日本ならではの文化として注目される自動販売機。進化を遂げて取り扱える食品の幅も拡大し、今や多くの企業が参入する「販売チャネル」となっている。自動販売機の魅力や企業参入が増加する理由、今後の可能性について、“自動販売機マニア”である石田健三郎氏が解説する。
自動販売機に魅了されたのは大学時代。ポーランドから留学中の友人に、「日本に来て一番驚いたのは街中に溢れる自動販売機の姿だ」と言われたことがきっかけです。当時、日本文化史のゼミに所属しており、卒業論文のテーマを決める時期であったため、「自動販売機は日本ならではの文化なのではないか」と考え、調べ始めました。
日本だからこそ流行した
自動販売機という販路
そこからすっかり自動販売機のとりこになってしまったのですが、最大の魅力はなんといってもその“やさしさ”です。日本の自動販売機には、おもてなしの心がたくさん詰まっています。象徴的な例が「ホットアンドコールド」と呼ばれる技術です。これは、ひとつの自動販売機の中で冷たい商品と温かい商品を同時に売る機能のことで、日本人にとってはなじみ深い光景ですが、海外にはほとんど存在していません。実は日本の自動販売機のみの特徴なのです。

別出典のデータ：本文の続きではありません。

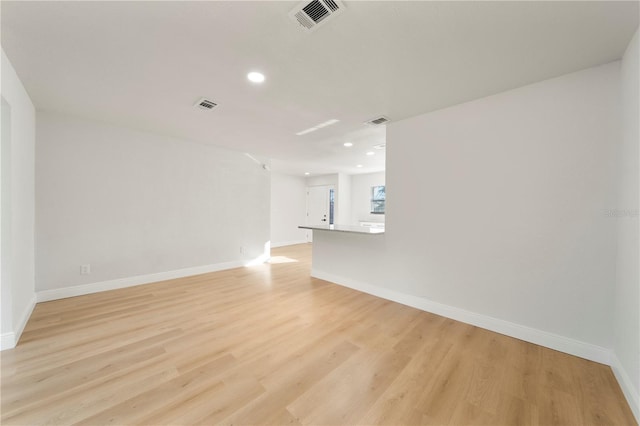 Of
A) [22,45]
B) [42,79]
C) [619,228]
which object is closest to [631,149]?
[619,228]

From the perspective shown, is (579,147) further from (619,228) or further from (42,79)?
(42,79)

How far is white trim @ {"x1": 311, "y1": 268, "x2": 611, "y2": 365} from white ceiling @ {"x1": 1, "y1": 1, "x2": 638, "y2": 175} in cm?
235

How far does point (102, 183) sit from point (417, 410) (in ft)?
15.3

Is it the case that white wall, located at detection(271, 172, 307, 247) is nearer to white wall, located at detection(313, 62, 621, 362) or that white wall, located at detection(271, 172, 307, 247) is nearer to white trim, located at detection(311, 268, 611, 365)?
A: white trim, located at detection(311, 268, 611, 365)

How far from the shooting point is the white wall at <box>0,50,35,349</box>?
83.7 inches

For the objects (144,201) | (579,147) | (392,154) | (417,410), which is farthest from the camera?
(144,201)

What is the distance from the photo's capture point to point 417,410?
1.52 meters

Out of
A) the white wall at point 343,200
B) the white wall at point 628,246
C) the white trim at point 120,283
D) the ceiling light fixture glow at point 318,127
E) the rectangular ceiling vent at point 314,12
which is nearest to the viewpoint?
the rectangular ceiling vent at point 314,12

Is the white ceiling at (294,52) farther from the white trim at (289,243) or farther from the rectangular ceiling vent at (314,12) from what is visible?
the white trim at (289,243)

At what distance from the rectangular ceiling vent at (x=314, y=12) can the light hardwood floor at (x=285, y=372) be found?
2468 mm

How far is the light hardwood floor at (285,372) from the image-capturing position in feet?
4.90

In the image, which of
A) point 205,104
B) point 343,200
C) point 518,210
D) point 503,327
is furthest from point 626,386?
point 343,200

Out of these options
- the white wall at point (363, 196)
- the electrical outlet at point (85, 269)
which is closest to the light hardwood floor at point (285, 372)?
the electrical outlet at point (85, 269)

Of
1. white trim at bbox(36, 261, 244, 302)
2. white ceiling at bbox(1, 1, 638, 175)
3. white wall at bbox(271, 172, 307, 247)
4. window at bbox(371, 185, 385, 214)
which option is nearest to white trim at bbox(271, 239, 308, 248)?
white wall at bbox(271, 172, 307, 247) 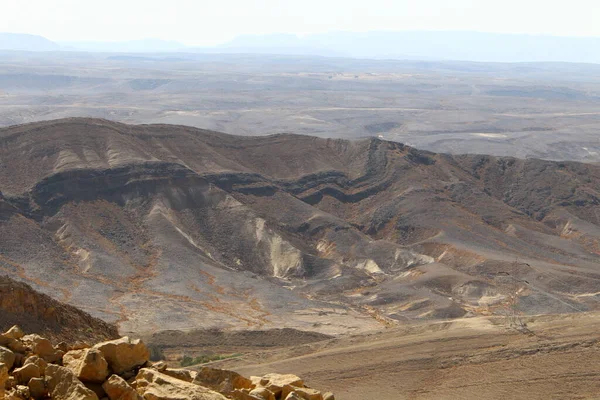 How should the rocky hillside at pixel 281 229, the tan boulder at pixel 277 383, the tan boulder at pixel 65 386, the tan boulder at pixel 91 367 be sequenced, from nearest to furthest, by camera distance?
1. the tan boulder at pixel 65 386
2. the tan boulder at pixel 91 367
3. the tan boulder at pixel 277 383
4. the rocky hillside at pixel 281 229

その日の気温や気分によって冷たい商品と温かい商品を選択できることは、まさにユーザーに寄り添った“やさしさ”といえます。近年は冷たい・温かいに加えて常温の飲み物を併売するケースも増えてきており、やさしさの幅がどんどん広がっているといえるでしょう。
また、海外の自動販売機を利用したことがある方はよくわかると思うのですが、お金を入れても出てこなかったり、商品が壊れて出てきたりすることもあります。しかし、日本でそういったケースはほぼありません。それどころか、商品が壊れて炭酸飲料が吹き出すことがないように、垂直ではなくゆっくりジグザグに落下させたり、接地面に緩衝材を導入したり。取り出し口の扉の奥にもう一枚扉を付け、その扉で衝撃を吸収して受け止めてから商品を出すなどの仕組みが用意されています。自動販売機の内部にも、たくさんの“やさしさ”が詰まっているのです。
このように独自の進化を遂げ、国民1人当たりの自動販売機普及台数は圧倒的に世界一となった日本ですが、その大きな理由のひとつに治安の良さが挙げられます。日本に設置されている自販機の半数以上は屋外に設置されているのですが、これは、世界と比較しても自販機を狙った犯罪が比較的少ない国であることが関係していると考えられます。いわゆる"自動販売機荒らし”の発生件数も年々減少傾向。このような文化的背景が、今日...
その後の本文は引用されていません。